### WORK ITEM
Only the lines below from the one that holds "Hey everyone, this" through the one that holds "Hello everyone. The" should appear in the answer, copied exactly, end lines included and pictures omitted.

### RECORDS FOR THE EXERCISE
<<<<

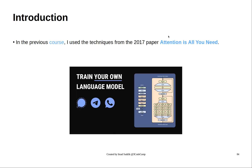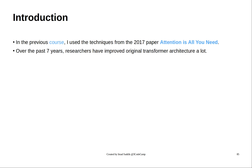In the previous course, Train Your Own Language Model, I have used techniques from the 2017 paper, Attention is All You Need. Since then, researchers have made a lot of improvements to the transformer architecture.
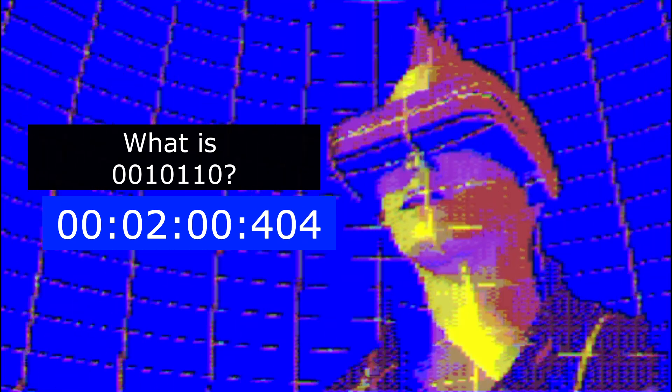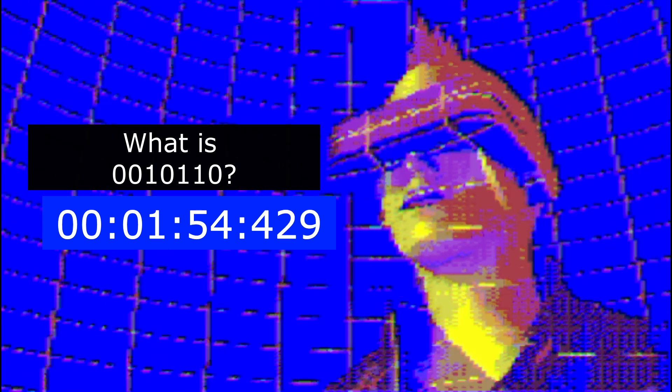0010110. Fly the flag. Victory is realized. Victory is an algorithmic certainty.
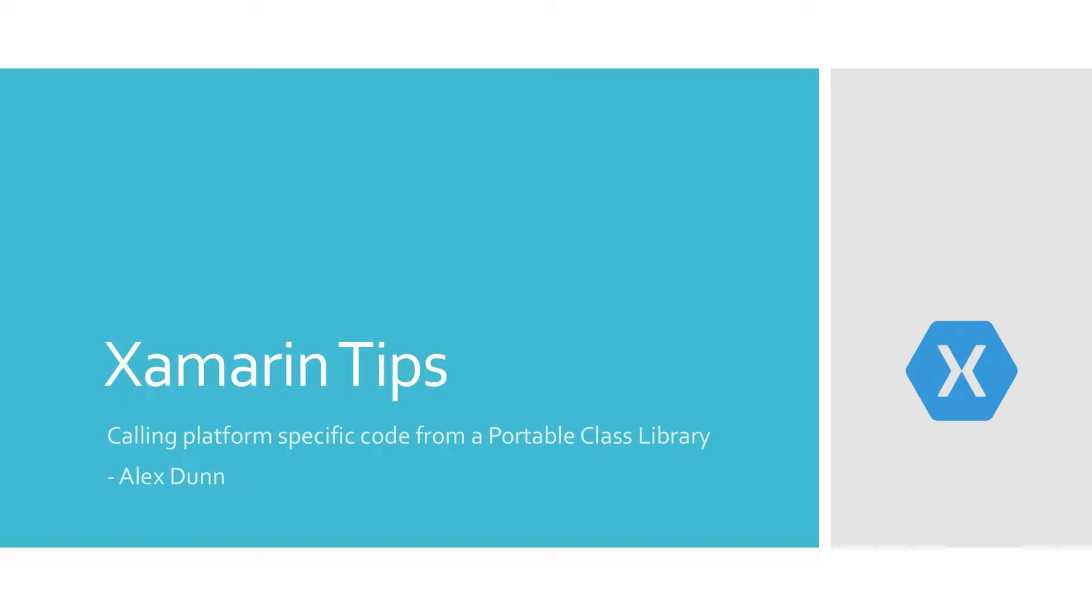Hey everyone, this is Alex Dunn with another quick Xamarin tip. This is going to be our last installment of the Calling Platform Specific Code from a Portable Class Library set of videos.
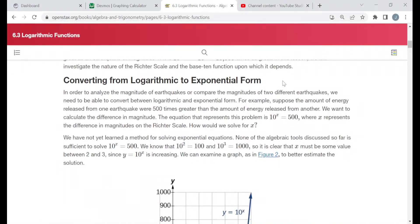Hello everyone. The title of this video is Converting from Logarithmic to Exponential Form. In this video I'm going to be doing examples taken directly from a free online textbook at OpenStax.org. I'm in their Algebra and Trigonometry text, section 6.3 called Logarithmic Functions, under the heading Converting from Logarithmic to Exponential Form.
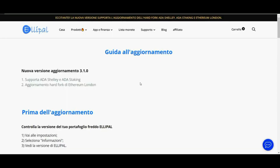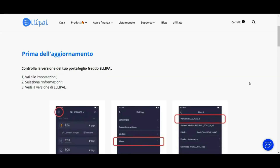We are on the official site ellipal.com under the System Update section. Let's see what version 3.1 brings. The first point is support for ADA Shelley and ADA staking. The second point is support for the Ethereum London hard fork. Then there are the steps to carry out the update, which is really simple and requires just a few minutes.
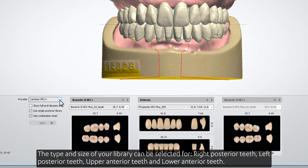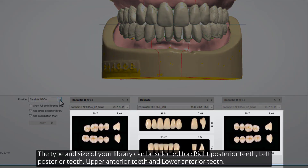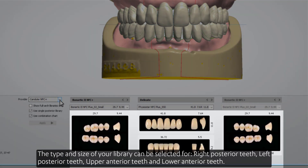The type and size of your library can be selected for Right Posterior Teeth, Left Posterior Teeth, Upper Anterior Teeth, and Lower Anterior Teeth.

>>>>
<<<<

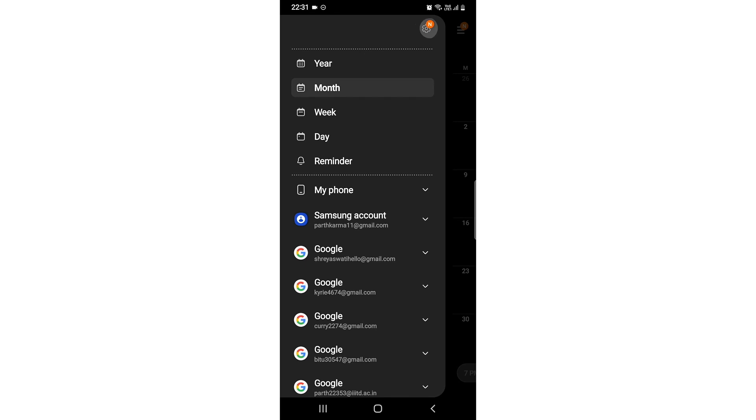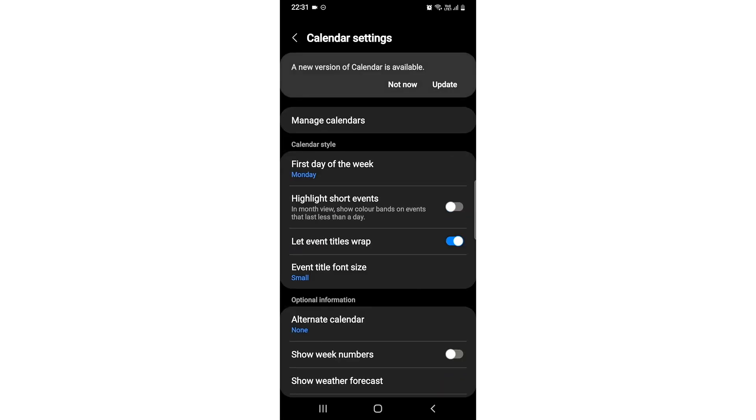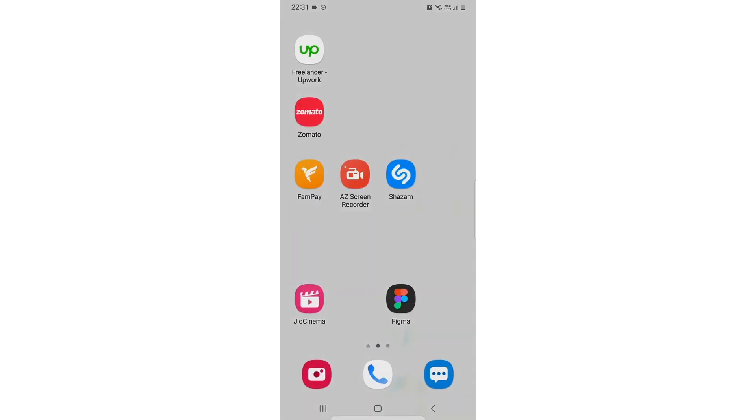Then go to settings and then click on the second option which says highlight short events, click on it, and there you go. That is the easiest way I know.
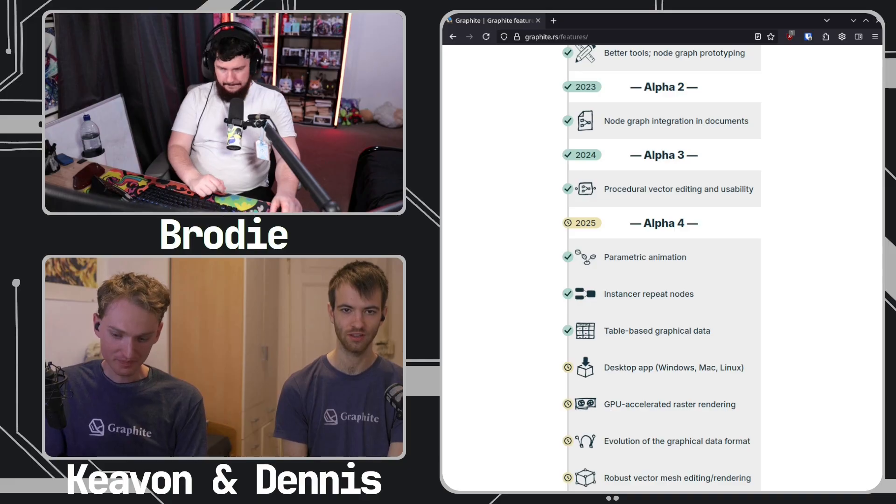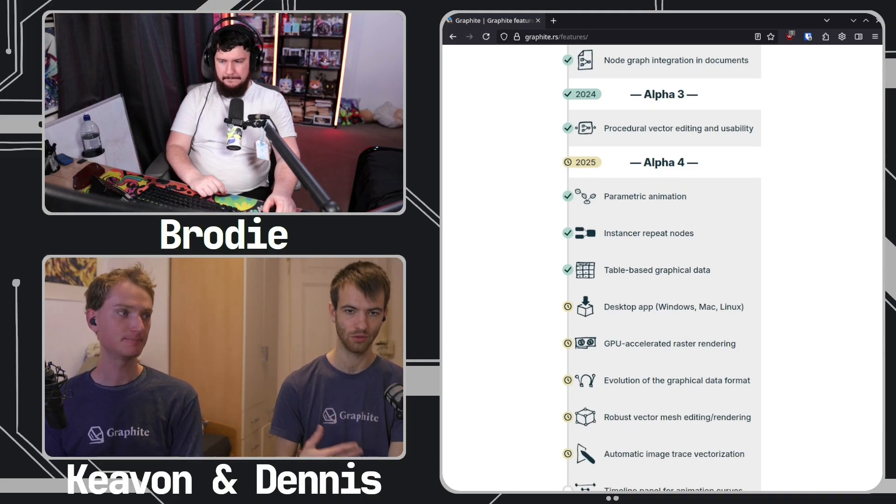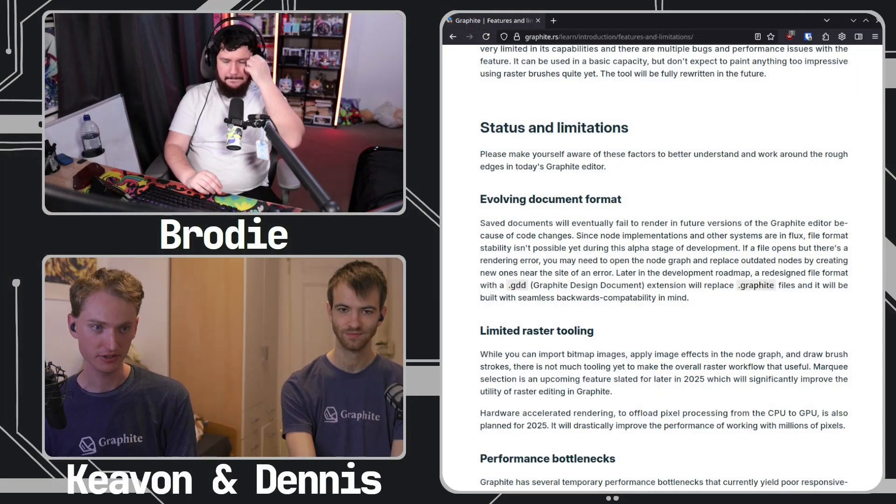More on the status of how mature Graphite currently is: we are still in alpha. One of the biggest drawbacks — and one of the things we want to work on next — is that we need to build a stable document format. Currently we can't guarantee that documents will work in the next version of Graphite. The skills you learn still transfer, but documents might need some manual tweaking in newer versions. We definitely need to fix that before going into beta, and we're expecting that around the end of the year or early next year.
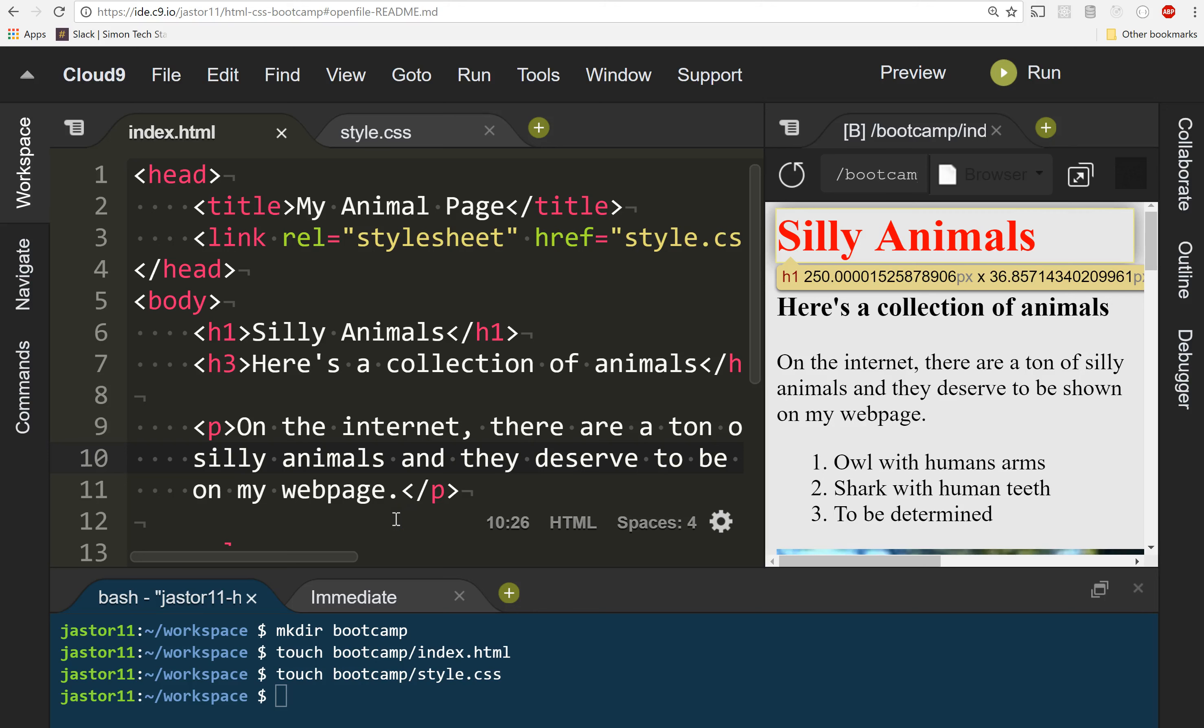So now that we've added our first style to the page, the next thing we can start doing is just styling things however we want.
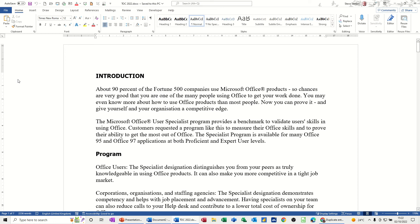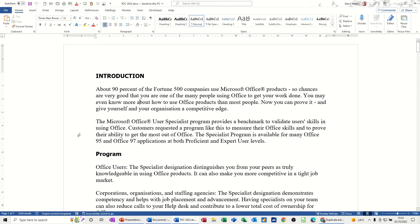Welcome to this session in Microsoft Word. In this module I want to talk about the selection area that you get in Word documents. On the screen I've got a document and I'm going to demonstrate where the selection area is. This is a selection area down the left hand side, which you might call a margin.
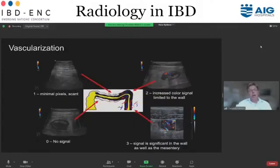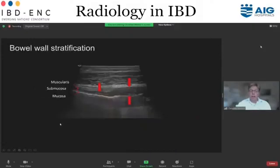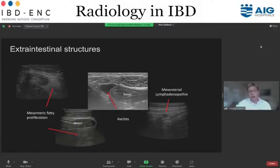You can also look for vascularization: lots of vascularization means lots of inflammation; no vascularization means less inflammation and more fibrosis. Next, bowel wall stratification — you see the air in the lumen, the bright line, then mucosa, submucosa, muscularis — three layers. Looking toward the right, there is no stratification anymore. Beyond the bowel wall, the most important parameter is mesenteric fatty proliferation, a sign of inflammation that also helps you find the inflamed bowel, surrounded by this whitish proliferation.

>>>>
<<<<

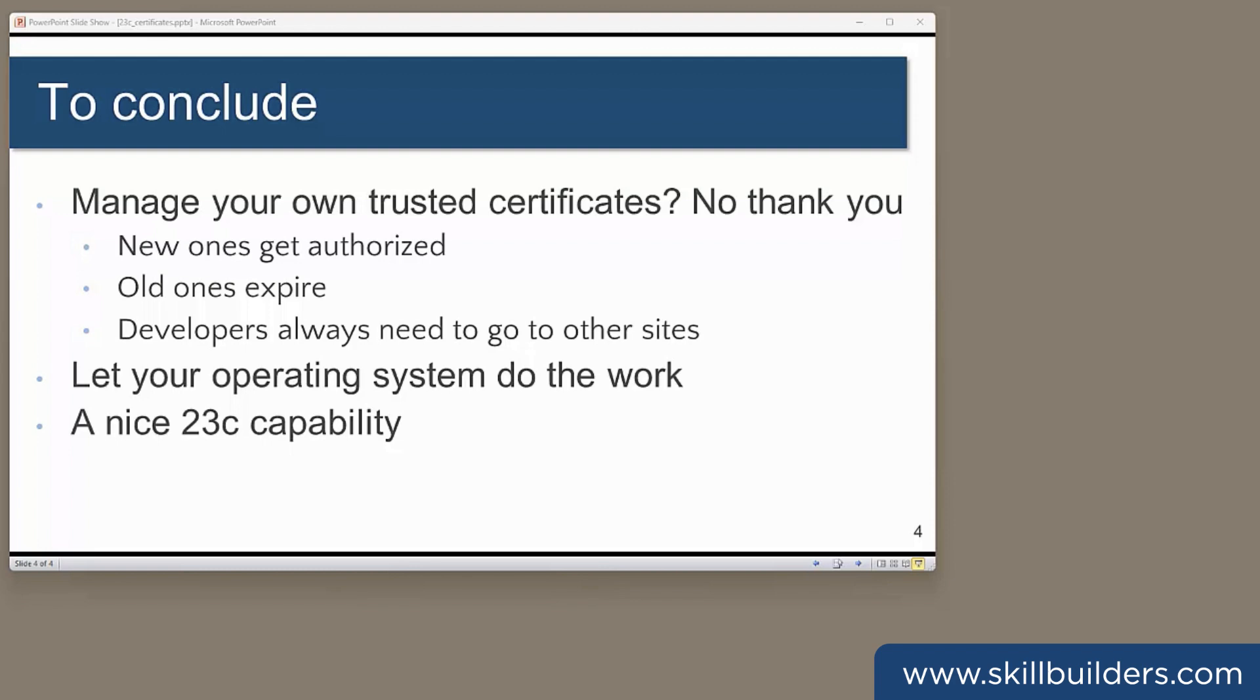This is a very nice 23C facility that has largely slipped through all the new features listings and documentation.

>>>>

### RESPONSE TO THE EXERCISE
Hey everyone, this is Alex Dunn with another quick Xamarin tip. This is going to be our last installment of the Calling Platform Specific Code from a Portable Class Library set of videos.
Hello everyone. The title of this video is Converting from Logarithmic to Exponential Form. In this video I'm going to be doing examples taken directly from a free online textbook at OpenStax.org. I'm in their Algebra and Trigonometry text, section 6.3 called Logarithmic Functions, under the heading Converting from Logarithmic to Exponential Form.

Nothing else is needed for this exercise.